2. The pymetamodels description

Metamodeling, sensitivity, optimization, calibration and robustness analysis have become important tools for the virtual development of industrial products. These are based on the construction of soft ML metamodels from discrete populations of hard physics-based models (FE, CFD, molecular, continuum, mesosocopic, …) input and output data calibrated with experimental characterisations. This design input variables are defined by their lower and upper bounds or by several possible discrete values schemas. In particular, in parametric optimization variables are systematically modified by mathematical algorithms to get an improvement of an existing design or to find a global optimum [GYTA13]. In the case of sensitivity analysis, discrete populations of models input and output data are generated using the original model or the metamodel to identify the sensitivity indexes [SAC+08]. This indexes study how the uncertainty in the output of a model can be apportioned, qualitatively or quantitatively, to different sources of variation in the input of a model.

Soft metamodels allow handling a large number of design variables and real-time responses. These metamodels can be applied in optimization problems, where the number of design variables can often be vast, improving the time cost required to execute accurate analysis and optimizations. By the use of flexible tools for implementing these problems in high-demand servers.

Pymetamodels combines machine learning (ML) metamodeling, optimization and analysis tools for the virtual development of products within a common abstract framework implemented in an accessible and distributable Python package shared with a permissive license.

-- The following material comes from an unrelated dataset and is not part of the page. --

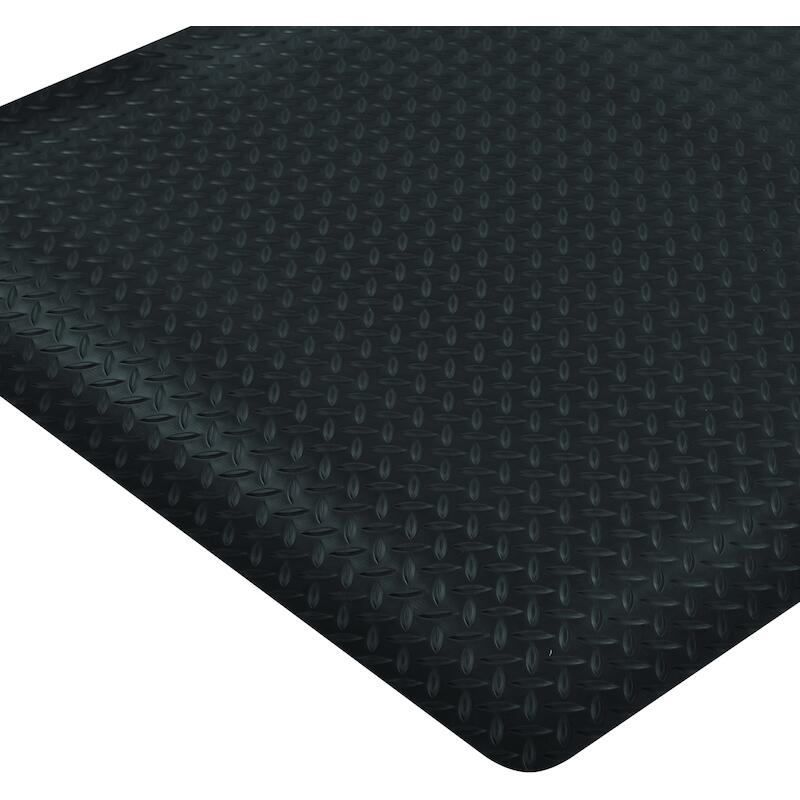 AV-MAT AS DIAMOND STAT ZW.  826S0023BL 91X60CM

Through the configuration spreadsheet or programmatically pymetamodels allows to define multivariate problems and implement multi-disciplinary problems in a pythonic fashion.

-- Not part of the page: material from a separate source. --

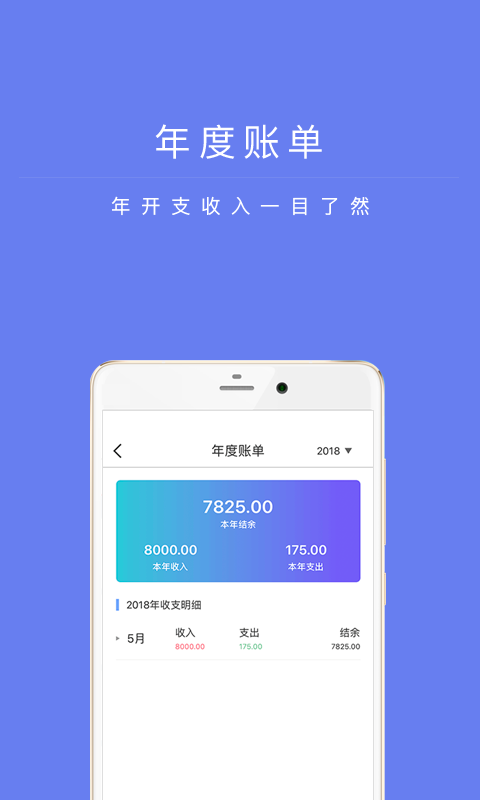 有钱记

The development of pymetamodels package is oriented to support ML applications in the area of material science, material informatics and the construction of materials, components and systems soft metamodels informed by hard physics-based modelling (continuum, mesosocopic, … ) [EuropeanCfSCEN18] and experimental characterisations.

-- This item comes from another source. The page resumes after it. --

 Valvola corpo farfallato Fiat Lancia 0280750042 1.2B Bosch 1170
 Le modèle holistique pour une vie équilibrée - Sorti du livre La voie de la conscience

In Fig. 2.1 is described an overview flowchart of pymetamodels Python package capabilities the following main areas:

  • \(Configuration_{case} = Definition_{\ inputs \ and \ responses}\). Configuration of the pymetamodel object and analysis per case in a usable spreadsheet (see Section 2.1). Configuration spreadsheet is also possible to be defined programmatically using the objconf class (see Section 3.3).

  • \(DOEX = Sampling(Configuration_{case})\). DOE sampling schemes (see Section 2.2).

  • \(DOEY = model_{iteration}(DOEX)\). Python models interaction and/or direct importing of DOEY data structures.

  • \(DOEY = metamodel(DOEX)\). Optimal forecasting metamodels construction (see Section 2.3).

  • \(Sensitivity_{indexes}=Sensitivity_{analysis}(DOEY)\). Sensitivity analysis capabilities (see Section 2.2).

  • \(Optimization_{min \ local \ optima}=Optimization_{min}(DOEY, Constrains)\). Optimization problems solution, including calibrations (see Section 2.4).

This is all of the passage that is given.